■ **YOUR INSTRUCTIONS**
Beginning with the line of the entries below that holds "Matchup: Donelson Christian" and ending with the line that holds "angled truck detail", transcribe each line exactly as written. Pictures stay out.

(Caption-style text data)
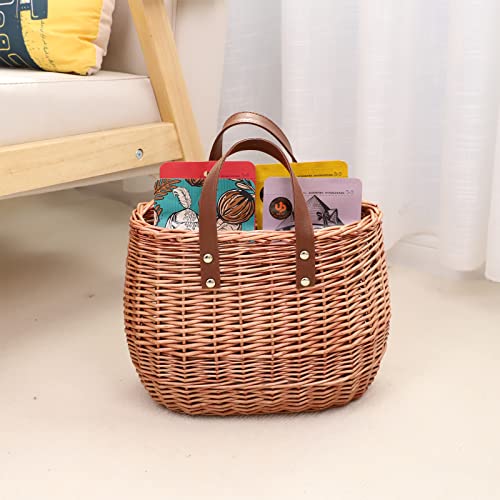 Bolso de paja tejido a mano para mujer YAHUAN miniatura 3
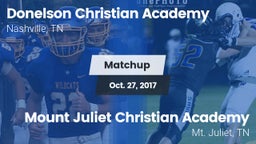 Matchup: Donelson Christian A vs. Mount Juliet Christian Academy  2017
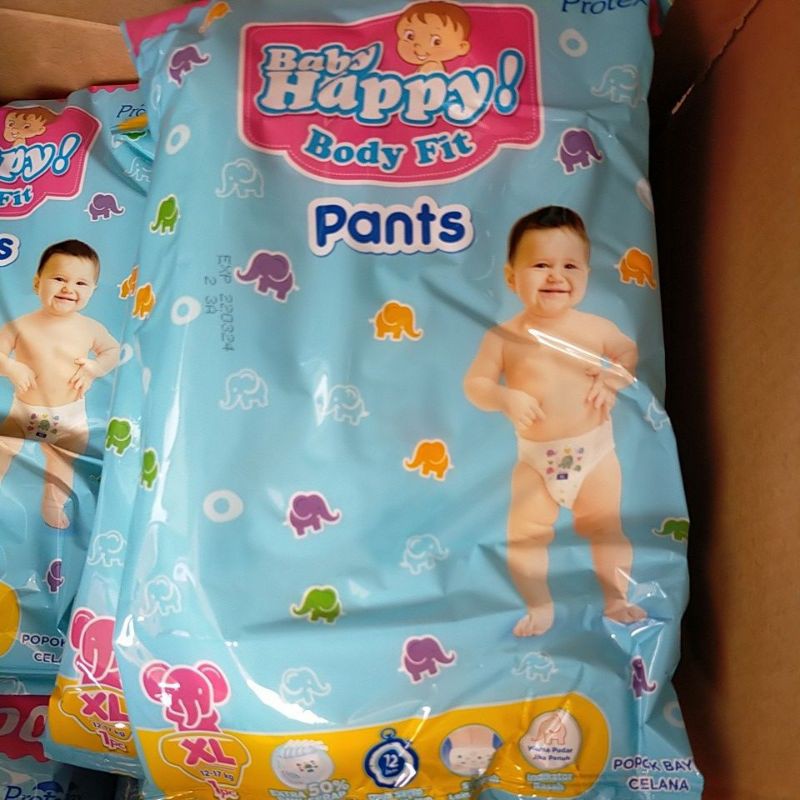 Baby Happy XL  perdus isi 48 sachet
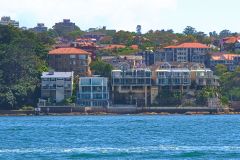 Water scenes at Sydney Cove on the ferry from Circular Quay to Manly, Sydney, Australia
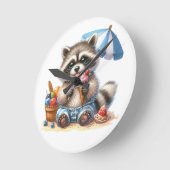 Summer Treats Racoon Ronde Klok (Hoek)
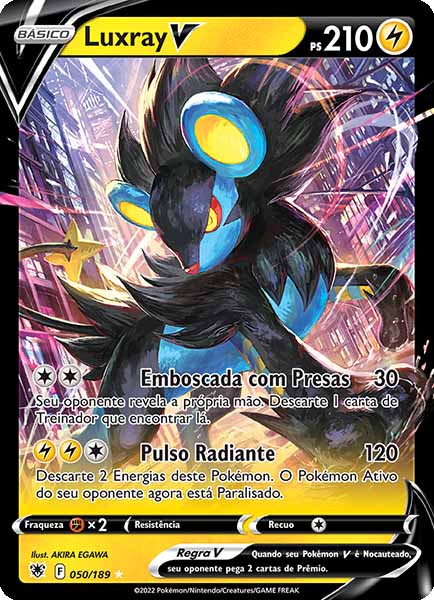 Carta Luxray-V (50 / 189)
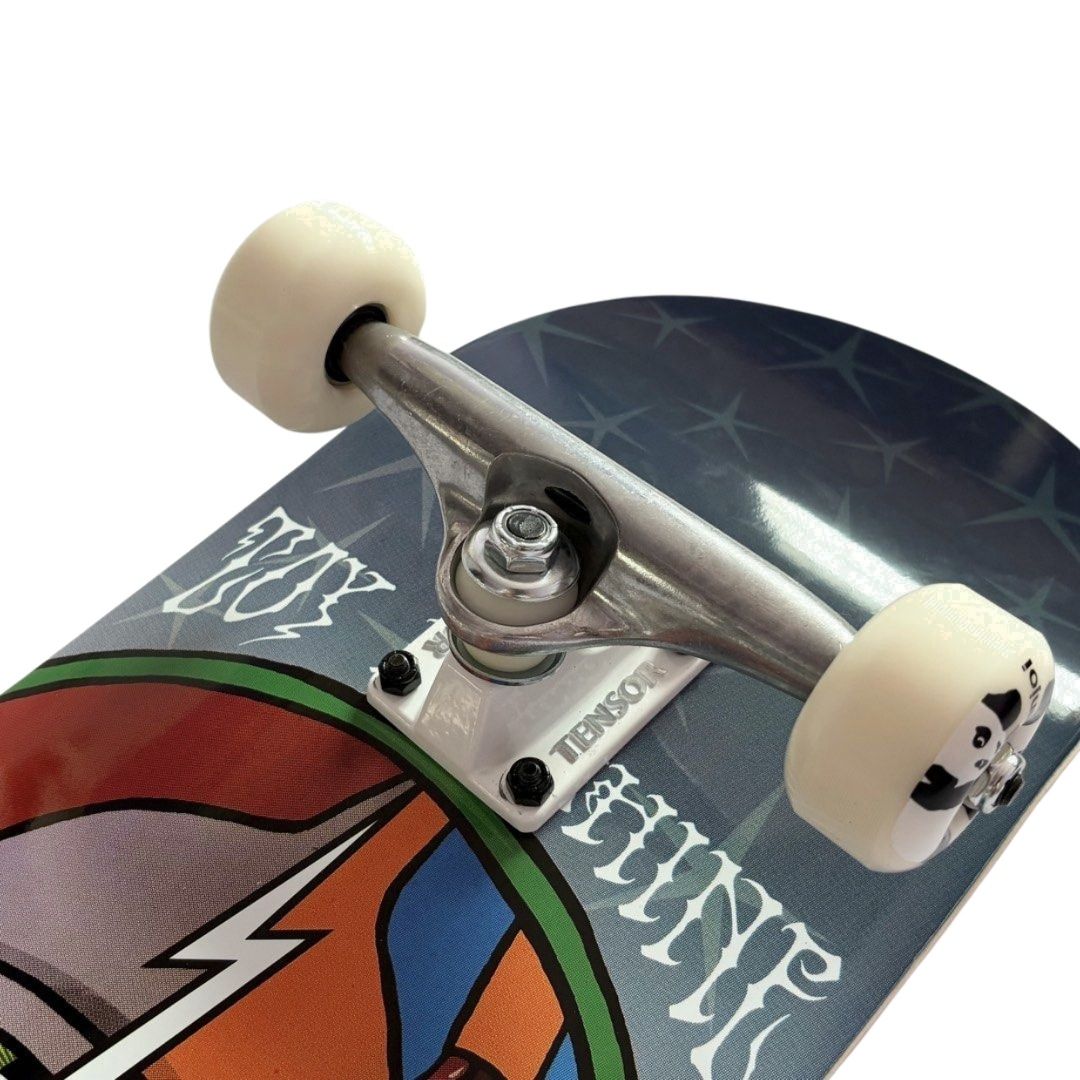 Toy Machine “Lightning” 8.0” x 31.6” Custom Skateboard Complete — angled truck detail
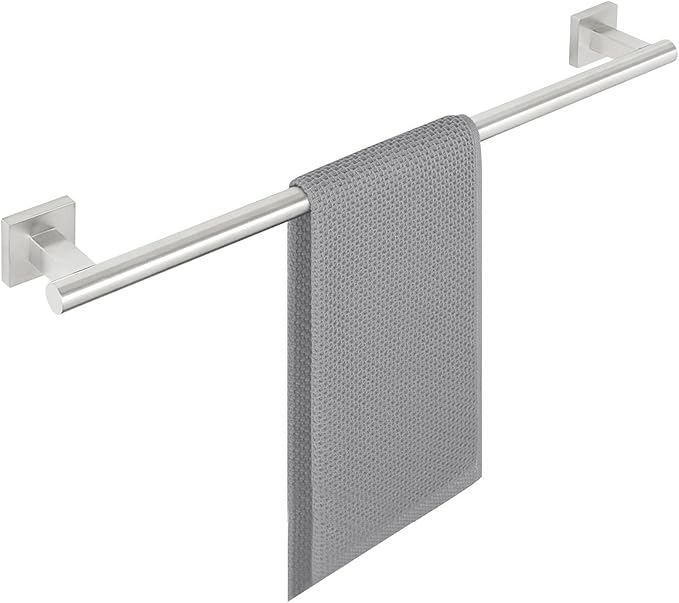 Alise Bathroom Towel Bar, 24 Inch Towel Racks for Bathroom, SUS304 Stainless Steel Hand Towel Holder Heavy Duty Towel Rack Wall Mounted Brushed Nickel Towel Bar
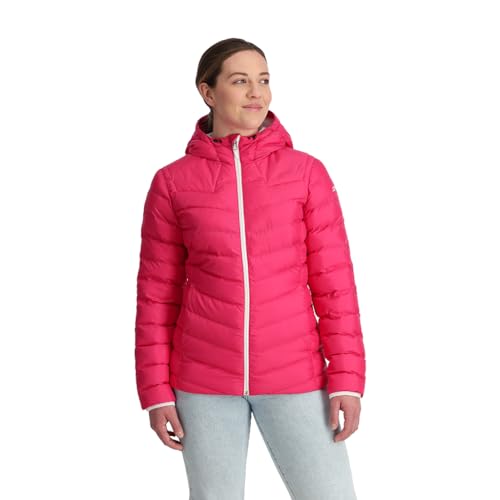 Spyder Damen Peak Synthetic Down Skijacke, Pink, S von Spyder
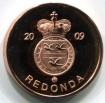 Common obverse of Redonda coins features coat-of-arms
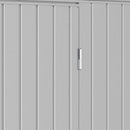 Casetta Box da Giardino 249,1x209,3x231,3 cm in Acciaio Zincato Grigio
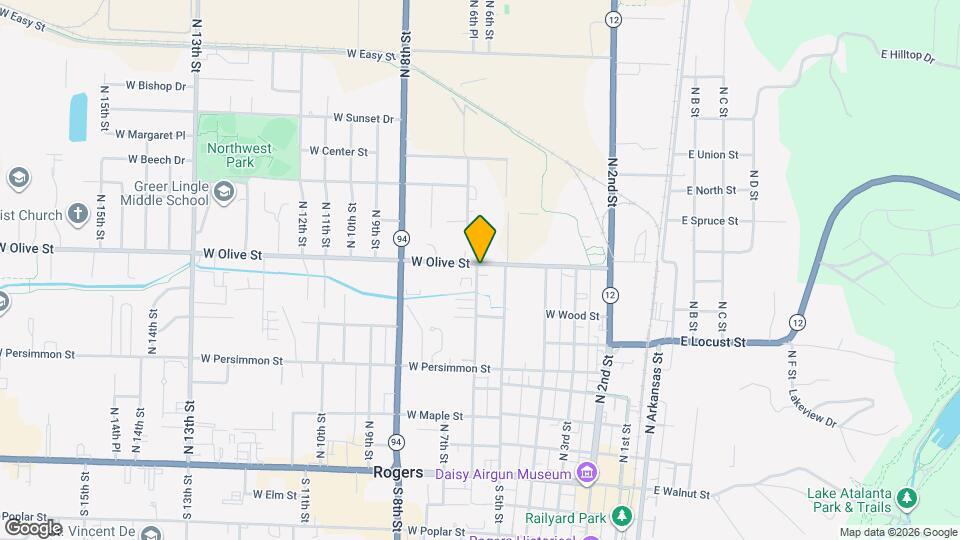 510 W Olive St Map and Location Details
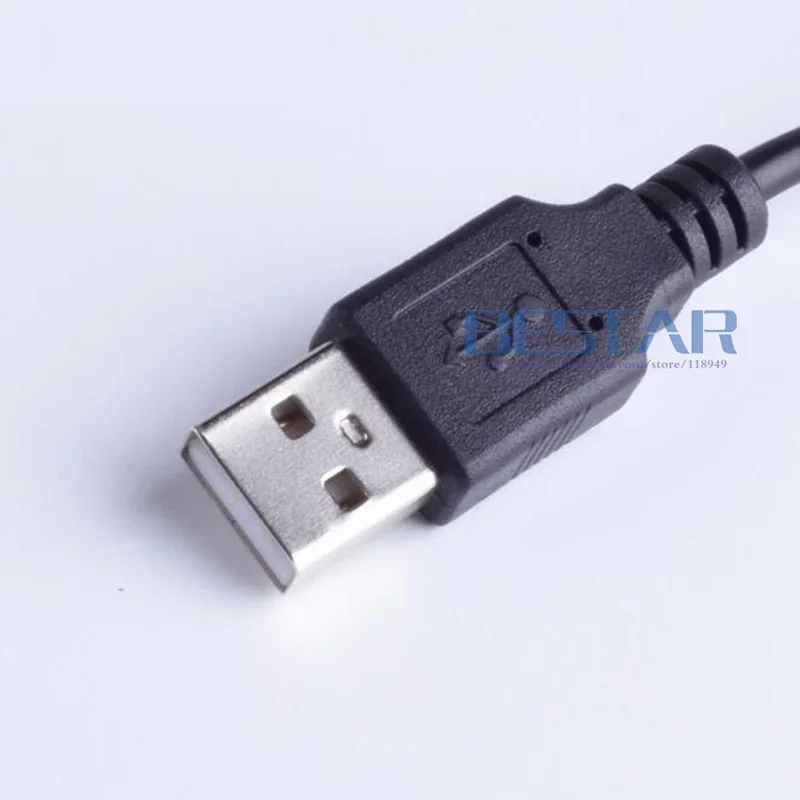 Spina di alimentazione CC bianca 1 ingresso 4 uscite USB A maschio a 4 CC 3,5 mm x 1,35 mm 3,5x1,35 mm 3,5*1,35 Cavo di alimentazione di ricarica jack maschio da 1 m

■ **ANSWER SECTION**
 Matchup: Donelson Christian A vs. Mount Juliet Christian Academy  2017
 Baby Happy XL  perdus isi 48 sachet
 Water scenes at Sydney Cove on the ferry from Circular Quay to Manly, Sydney, Australia
 Summer Treats Racoon Ronde Klok (Hoek)
 Carta Luxray-V (50 / 189)
 Toy Machine “Lightning” 8.0” x 31.6” Custom Skateboard Complete — angled truck detail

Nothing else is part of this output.